* _Records provided_
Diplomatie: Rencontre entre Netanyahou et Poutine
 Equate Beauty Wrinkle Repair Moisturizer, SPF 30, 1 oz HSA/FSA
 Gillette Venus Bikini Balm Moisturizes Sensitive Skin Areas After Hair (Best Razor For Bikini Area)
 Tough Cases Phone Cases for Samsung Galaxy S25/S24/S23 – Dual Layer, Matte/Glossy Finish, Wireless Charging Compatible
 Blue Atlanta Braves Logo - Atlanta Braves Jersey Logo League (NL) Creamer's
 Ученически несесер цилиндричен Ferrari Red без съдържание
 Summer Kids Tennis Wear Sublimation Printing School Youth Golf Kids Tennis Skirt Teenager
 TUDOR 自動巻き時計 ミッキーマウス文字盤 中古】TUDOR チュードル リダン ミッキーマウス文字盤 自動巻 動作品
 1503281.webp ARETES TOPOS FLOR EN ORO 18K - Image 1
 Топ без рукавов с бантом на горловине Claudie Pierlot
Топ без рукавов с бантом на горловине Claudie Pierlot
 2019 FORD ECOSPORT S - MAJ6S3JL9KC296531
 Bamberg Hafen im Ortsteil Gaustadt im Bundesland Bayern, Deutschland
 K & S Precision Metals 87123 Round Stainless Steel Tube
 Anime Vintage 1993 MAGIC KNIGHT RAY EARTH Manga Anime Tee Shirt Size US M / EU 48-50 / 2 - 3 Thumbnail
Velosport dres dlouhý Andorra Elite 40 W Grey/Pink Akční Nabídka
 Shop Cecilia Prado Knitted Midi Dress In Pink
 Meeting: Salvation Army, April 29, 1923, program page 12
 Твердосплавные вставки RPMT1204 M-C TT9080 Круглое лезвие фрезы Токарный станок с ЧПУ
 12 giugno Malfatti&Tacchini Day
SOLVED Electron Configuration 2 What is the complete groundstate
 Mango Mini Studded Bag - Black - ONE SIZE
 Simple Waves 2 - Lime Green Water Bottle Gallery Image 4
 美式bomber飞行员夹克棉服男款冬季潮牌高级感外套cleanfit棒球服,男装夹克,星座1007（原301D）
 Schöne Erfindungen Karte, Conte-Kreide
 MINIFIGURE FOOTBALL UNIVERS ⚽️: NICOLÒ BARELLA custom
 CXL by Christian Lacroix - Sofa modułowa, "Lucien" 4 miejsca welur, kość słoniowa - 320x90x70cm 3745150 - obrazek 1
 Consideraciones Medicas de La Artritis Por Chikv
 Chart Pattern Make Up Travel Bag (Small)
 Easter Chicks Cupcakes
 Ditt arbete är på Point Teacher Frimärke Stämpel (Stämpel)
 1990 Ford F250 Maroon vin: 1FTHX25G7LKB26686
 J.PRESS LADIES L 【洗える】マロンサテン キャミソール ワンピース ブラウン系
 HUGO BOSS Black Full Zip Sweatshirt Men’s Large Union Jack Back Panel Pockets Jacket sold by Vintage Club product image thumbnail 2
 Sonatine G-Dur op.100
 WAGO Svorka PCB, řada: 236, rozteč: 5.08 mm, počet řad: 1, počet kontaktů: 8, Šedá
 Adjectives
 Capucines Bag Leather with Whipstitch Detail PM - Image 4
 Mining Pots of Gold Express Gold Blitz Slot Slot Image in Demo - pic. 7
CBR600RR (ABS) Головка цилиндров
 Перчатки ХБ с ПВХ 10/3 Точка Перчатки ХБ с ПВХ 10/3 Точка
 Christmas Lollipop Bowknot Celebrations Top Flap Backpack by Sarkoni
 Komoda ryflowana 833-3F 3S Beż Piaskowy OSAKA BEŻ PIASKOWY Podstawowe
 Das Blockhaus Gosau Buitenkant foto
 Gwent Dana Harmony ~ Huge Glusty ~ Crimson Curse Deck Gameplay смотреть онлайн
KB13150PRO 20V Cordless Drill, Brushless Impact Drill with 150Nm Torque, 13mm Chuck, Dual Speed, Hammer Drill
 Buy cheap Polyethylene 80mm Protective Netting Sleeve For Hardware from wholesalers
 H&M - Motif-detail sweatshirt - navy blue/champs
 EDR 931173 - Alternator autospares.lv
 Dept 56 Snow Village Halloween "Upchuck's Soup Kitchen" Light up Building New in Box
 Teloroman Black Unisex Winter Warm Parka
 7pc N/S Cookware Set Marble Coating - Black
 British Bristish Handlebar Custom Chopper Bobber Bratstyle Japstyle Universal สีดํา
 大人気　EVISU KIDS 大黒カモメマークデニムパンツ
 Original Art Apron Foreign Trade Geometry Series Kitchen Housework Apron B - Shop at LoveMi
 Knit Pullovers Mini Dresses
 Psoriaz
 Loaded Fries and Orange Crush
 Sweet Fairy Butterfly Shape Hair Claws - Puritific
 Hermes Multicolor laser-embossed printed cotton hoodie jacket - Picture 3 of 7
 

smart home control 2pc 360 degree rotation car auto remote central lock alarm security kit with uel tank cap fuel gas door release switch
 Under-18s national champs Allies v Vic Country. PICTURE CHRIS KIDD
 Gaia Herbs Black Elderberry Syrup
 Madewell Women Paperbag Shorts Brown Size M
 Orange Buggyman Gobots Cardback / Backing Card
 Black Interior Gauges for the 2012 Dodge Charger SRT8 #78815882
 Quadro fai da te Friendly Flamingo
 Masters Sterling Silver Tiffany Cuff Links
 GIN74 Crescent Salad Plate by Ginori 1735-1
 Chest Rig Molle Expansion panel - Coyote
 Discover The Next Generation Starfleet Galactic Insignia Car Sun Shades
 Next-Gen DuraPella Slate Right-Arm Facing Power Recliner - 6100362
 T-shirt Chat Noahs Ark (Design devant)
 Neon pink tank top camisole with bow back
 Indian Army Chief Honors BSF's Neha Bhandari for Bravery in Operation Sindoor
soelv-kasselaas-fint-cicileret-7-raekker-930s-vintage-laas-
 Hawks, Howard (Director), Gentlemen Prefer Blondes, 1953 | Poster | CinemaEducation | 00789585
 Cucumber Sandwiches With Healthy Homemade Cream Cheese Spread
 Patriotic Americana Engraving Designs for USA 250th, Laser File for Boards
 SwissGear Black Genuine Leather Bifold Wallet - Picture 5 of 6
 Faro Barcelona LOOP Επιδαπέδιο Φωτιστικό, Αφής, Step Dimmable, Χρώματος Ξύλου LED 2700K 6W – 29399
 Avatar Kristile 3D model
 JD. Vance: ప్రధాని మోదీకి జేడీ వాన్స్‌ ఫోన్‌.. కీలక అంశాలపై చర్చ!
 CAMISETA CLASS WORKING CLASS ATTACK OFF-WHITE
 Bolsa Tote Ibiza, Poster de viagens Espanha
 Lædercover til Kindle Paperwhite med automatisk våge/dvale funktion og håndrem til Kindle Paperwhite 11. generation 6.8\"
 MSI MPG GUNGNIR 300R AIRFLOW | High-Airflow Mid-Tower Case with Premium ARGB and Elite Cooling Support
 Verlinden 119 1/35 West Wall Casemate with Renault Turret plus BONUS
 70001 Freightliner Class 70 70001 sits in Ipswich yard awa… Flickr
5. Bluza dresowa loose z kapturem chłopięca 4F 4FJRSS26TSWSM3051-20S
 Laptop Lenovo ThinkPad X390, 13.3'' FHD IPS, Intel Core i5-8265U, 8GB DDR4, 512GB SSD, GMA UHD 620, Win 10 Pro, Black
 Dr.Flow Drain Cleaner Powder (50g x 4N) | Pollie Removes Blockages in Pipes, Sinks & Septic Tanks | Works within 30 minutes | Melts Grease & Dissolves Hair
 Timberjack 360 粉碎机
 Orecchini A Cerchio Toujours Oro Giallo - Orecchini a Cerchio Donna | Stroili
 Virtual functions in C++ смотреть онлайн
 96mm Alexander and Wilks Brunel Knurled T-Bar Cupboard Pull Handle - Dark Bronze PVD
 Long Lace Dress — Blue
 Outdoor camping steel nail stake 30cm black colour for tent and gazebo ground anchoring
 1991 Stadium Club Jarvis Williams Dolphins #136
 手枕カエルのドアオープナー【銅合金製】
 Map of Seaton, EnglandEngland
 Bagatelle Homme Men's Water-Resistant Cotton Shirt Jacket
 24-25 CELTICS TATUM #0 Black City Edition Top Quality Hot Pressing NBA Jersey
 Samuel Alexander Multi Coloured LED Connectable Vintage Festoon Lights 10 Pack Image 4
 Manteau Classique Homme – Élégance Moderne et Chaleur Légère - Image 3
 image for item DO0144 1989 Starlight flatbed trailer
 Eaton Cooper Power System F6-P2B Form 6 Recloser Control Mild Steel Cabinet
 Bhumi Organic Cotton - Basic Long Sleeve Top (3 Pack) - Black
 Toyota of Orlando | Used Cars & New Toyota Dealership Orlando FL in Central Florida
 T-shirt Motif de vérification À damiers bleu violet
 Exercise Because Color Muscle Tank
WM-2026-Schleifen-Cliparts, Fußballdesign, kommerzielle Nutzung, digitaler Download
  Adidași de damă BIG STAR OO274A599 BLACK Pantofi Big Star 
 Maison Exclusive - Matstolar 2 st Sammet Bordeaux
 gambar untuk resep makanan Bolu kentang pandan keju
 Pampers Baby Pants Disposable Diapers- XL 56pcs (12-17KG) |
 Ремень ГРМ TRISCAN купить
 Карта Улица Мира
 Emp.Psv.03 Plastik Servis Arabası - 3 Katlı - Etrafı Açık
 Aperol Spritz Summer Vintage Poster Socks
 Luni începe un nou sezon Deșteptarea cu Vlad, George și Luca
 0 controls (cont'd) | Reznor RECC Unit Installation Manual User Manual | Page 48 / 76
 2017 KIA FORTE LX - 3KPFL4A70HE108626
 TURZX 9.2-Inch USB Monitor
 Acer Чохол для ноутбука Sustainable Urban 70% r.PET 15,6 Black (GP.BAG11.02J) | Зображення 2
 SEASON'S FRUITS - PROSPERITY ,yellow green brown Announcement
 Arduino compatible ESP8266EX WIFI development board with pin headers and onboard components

* _Problem description_
Produce a word-for-word copy of everything above from the line holding "Sonatine G-Dur op.100" down to the line holding "Madewell Women Paperbag Shorts Brown Size M", with both of those lines kept.

* _Solution to this exercise_
 Sonatine G-Dur op.100
 WAGO Svorka PCB, řada: 236, rozteč: 5.08 mm, počet řad: 1, počet kontaktů: 8, Šedá
 Adjectives
 Capucines Bag Leather with Whipstitch Detail PM - Image 4
 Mining Pots of Gold Express Gold Blitz Slot Slot Image in Demo - pic. 7
CBR600RR (ABS) Головка цилиндров
 Перчатки ХБ с ПВХ 10/3 Точка Перчатки ХБ с ПВХ 10/3 Точка
 Christmas Lollipop Bowknot Celebrations Top Flap Backpack by Sarkoni
 Komoda ryflowana 833-3F 3S Beż Piaskowy OSAKA BEŻ PIASKOWY Podstawowe
 Das Blockhaus Gosau Buitenkant foto
 Gwent Dana Harmony ~ Huge Glusty ~ Crimson Curse Deck Gameplay смотреть онлайн
KB13150PRO 20V Cordless Drill, Brushless Impact Drill with 150Nm Torque, 13mm Chuck, Dual Speed, Hammer Drill
 Buy cheap Polyethylene 80mm Protective Netting Sleeve For Hardware from wholesalers
 H&M - Motif-detail sweatshirt - navy blue/champs
 EDR 931173 - Alternator autospares.lv
 Dept 56 Snow Village Halloween "Upchuck's Soup Kitchen" Light up Building New in Box
 Teloroman Black Unisex Winter Warm Parka
 7pc N/S Cookware Set Marble Coating - Black
 British Bristish Handlebar Custom Chopper Bobber Bratstyle Japstyle Universal สีดํา
 大人気　EVISU KIDS 大黒カモメマークデニムパンツ
 Original Art Apron Foreign Trade Geometry Series Kitchen Housework Apron B - Shop at LoveMi
 Knit Pullovers Mini Dresses
 Psoriaz
 Loaded Fries and Orange Crush
 Sweet Fairy Butterfly Shape Hair Claws - Puritific
 Hermes Multicolor laser-embossed printed cotton hoodie jacket - Picture 3 of 7
 

smart home control 2pc 360 degree rotation car auto remote central lock alarm security kit with uel tank cap fuel gas door release switch
 Under-18s national champs Allies v Vic Country. PICTURE CHRIS KIDD
 Gaia Herbs Black Elderberry Syrup
 Madewell Women Paperbag Shorts Brown Size M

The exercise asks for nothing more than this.